31 This construction is consistent with earlier decisions of single judges of this Court regarding comparable provisions. The question first relevantly emerged before Hely J in Peng v Minister for Immigration and Multicultural Affairs (2000) 105 FCR 63. Mr Peng had been granted a student visa which was subject to a number of conditions, including a condition that he be enrolled in a registered course and that he attend at least 80% of the classes and tutorials. Mr Peng failed to attend that percentage of classes and tutorials. He arrived in Australia two days before his visa was due to expire. Upon arrival in Australia he nevertheless applied for a temporary student visa. One criterion for such a visa, imposed by cl 560.213 of the Migration Regulations at that time, was that he had "complied substantially with the conditions" of his earlier visa. In concluding that substantial compliance with each and every condition was required, Hely J wrote:
"Whether substantial compliance with each visa condition is required
[15] Clause 560.213 requires substantial compliance with the conditions to which the visa is subject. The applicant submits that the clause should not be construed as if it required substantial compliance with each and every condition to which the visa is subject, when, by its terms, all that is required is that there be substantial compliance with the conditions taken as a whole. Thus, for example, if a visa was issued upon four conditions and three were complied with, but one was not complied with at all, a Tribunal of fact could nonetheless conclude that there had been substantial compliance with the conditions, as three out of four were met.

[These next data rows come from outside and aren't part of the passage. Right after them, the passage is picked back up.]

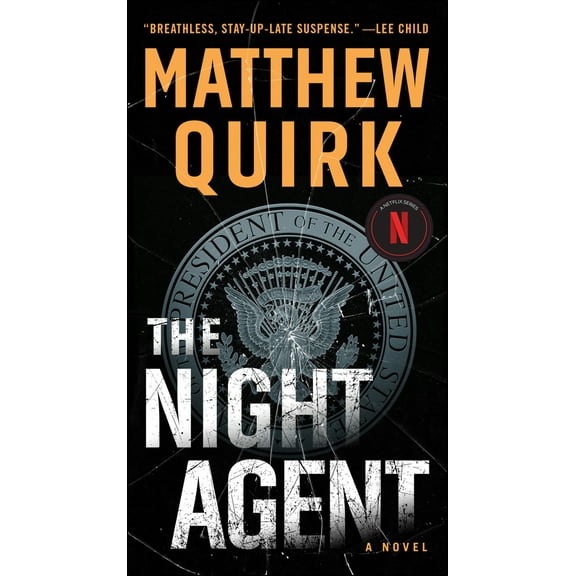 Pre-Owned The Night Agent (Mass Market Paperback) 0062889168 9780062889164
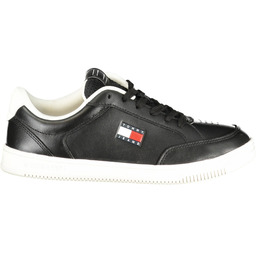 TOMMY HILFIGER MĘSKIE CZARNE BUTY SPORTOWE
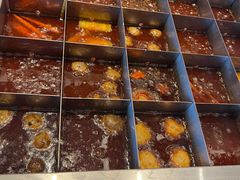-西安W酒店·观湖露台 美式烧烤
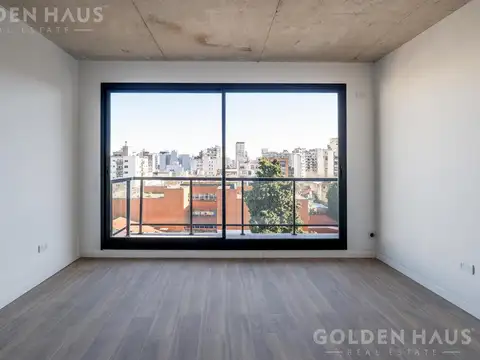 Departamento a estrenar con amenities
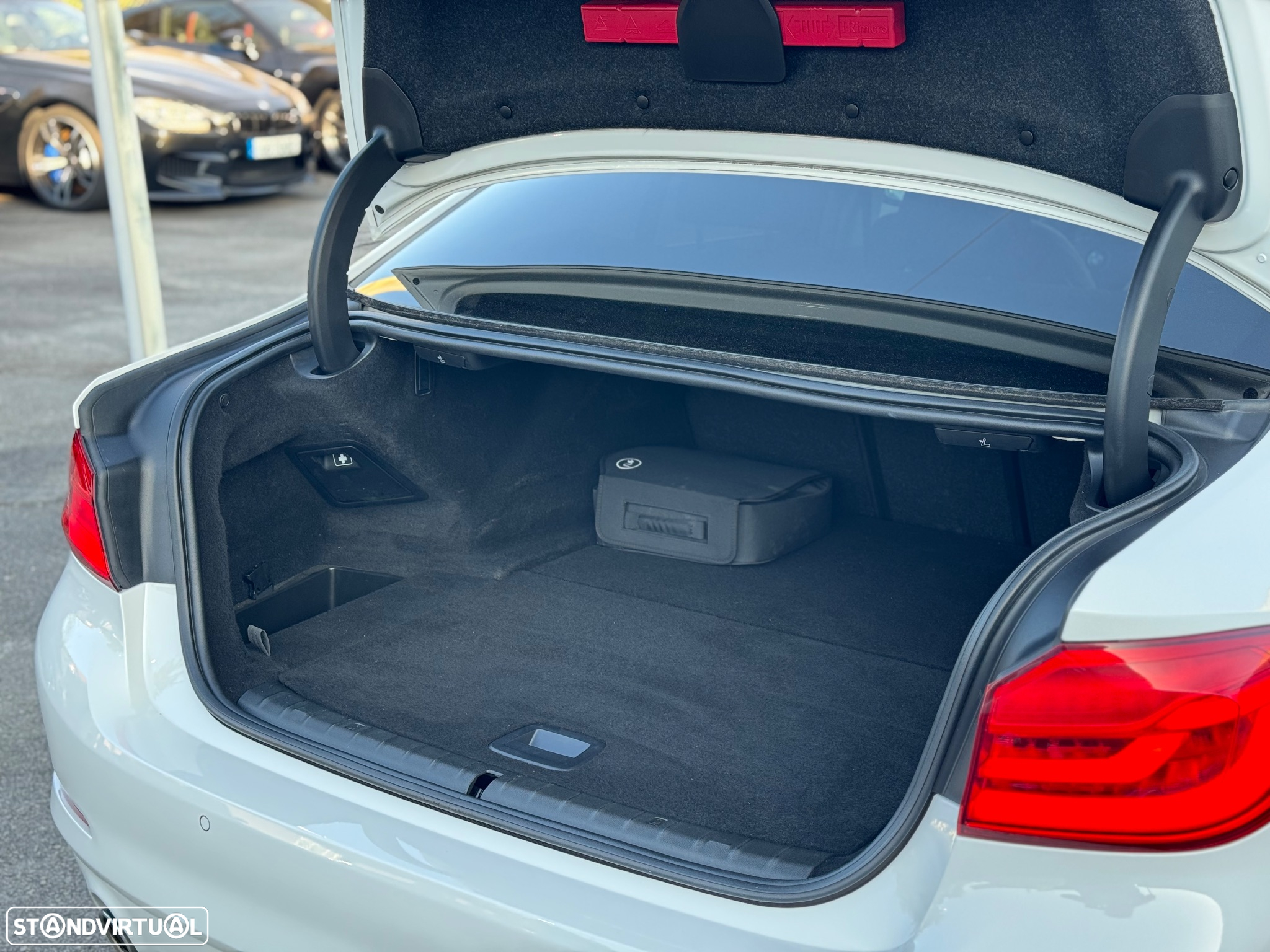 BMW 530 e iPerformance - 8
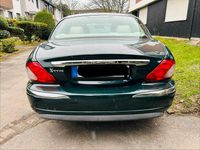 Gebraucht Jaguar X-type 156 PS (114 kW) 2004 Grün Limousine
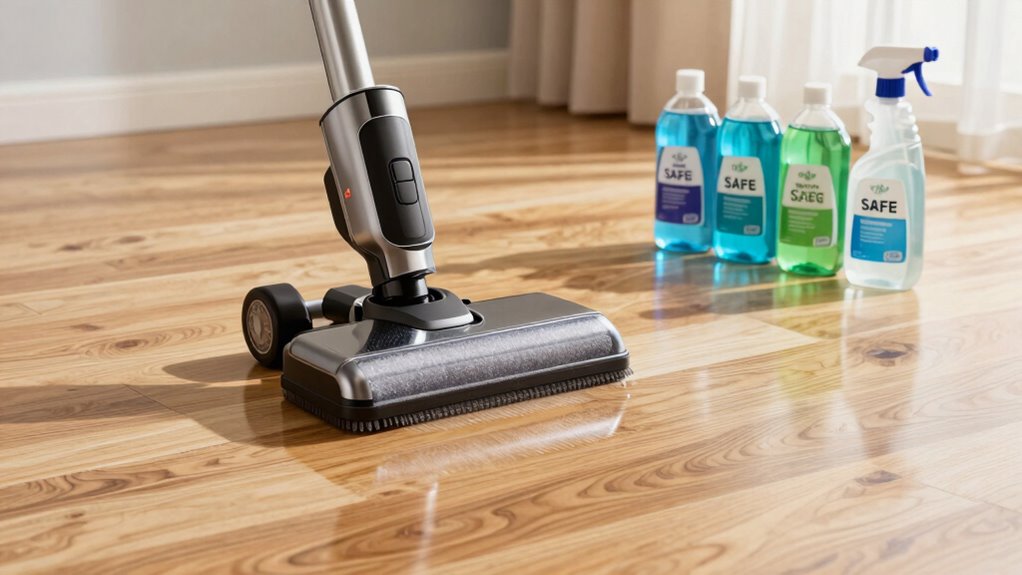 top hardwood floor cleaning options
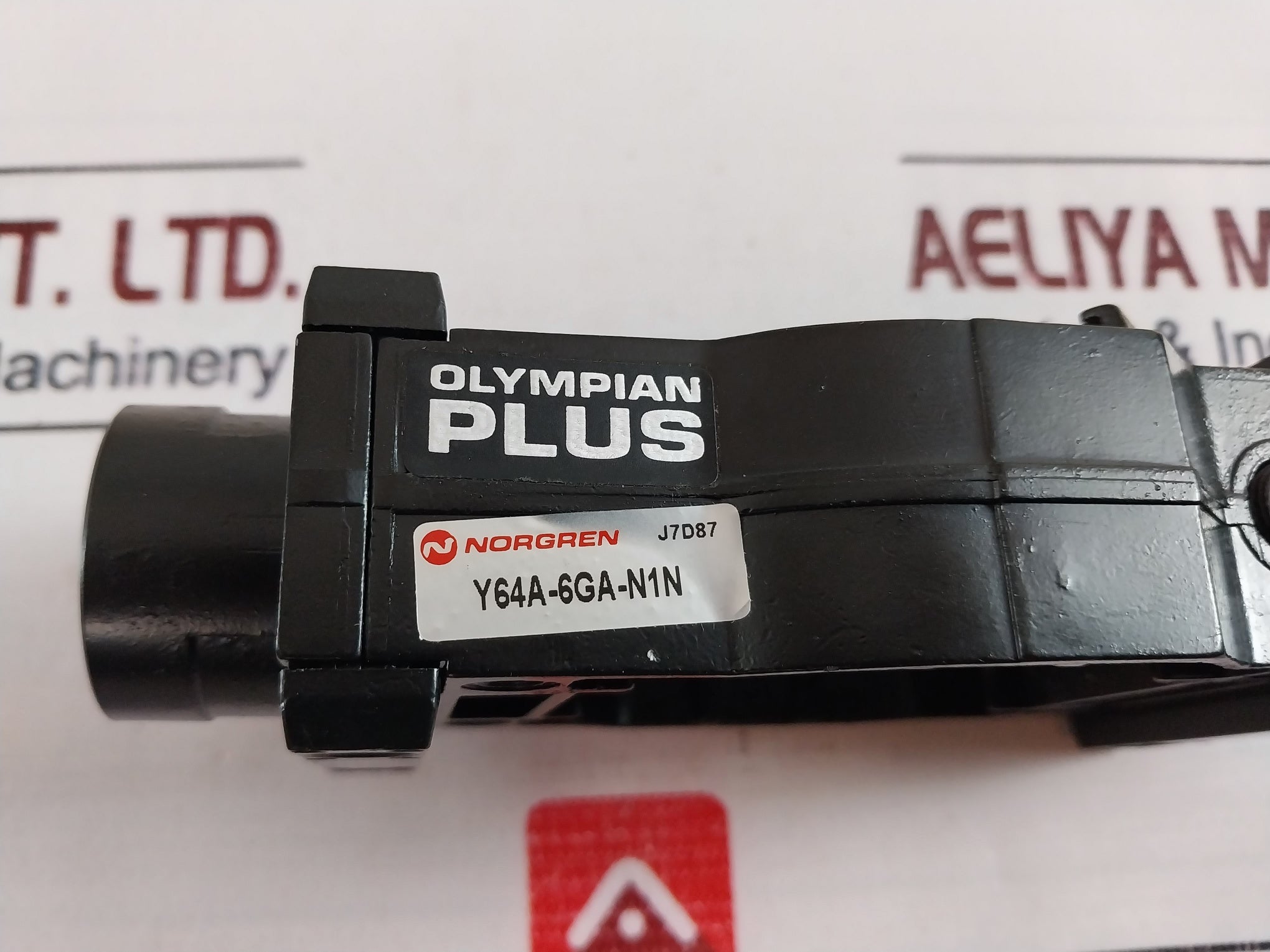 Norgren Y64A-6Ga-n1N Olympian Plus Pressure Regulator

[16] I do not think that the clause should be construed in this way. A requirement that the applicant shall have complied substantially with the conditions to which a visa is subject, as a matter of ordinary English, conveys that substantial compliance with each of those conditions is required. That view gains some reinforcement from s 116(1)(b) of the Migration Act 1958 (Cth), which recognises the importance of individual visa conditions."
(Emphasis in original.)
See also: Weerasinghe v Minister for Immigration and Multicultural and Indigenous Affairs [2004] FCA 261 at [12] per Ryan J.
32 This construction of cl 3004(e), it is further considered, promotes the object and purpose of the Migration Act 1958 (Cth) and the object and purpose of imposing conditions on visas. As is apparent from the terms of each of the conditions imposed upon Mr Montero's student visa, each condition is directed to - and serves a purpose different from - each of the other conditions.
33 This construction of cl 3004(e) is consistent with a purposive approach to the construction of the clause. The phrase "substantial compliance" was presumably employed by the Parliamentary draftsman with the intention of permitting a degree of latitude or flexibility when exercising the power to grant a new visa.
(emphasis added)
31 It may be that in some cases - possibly the present - such an outcome could work a perceived injustice on a visa applicant. Nonetheless, this is the way in which the Regulations are cast and it is not a factor relevant to the construction of the regulation into which the Court may permissibly intervene: see Casse (at [17]).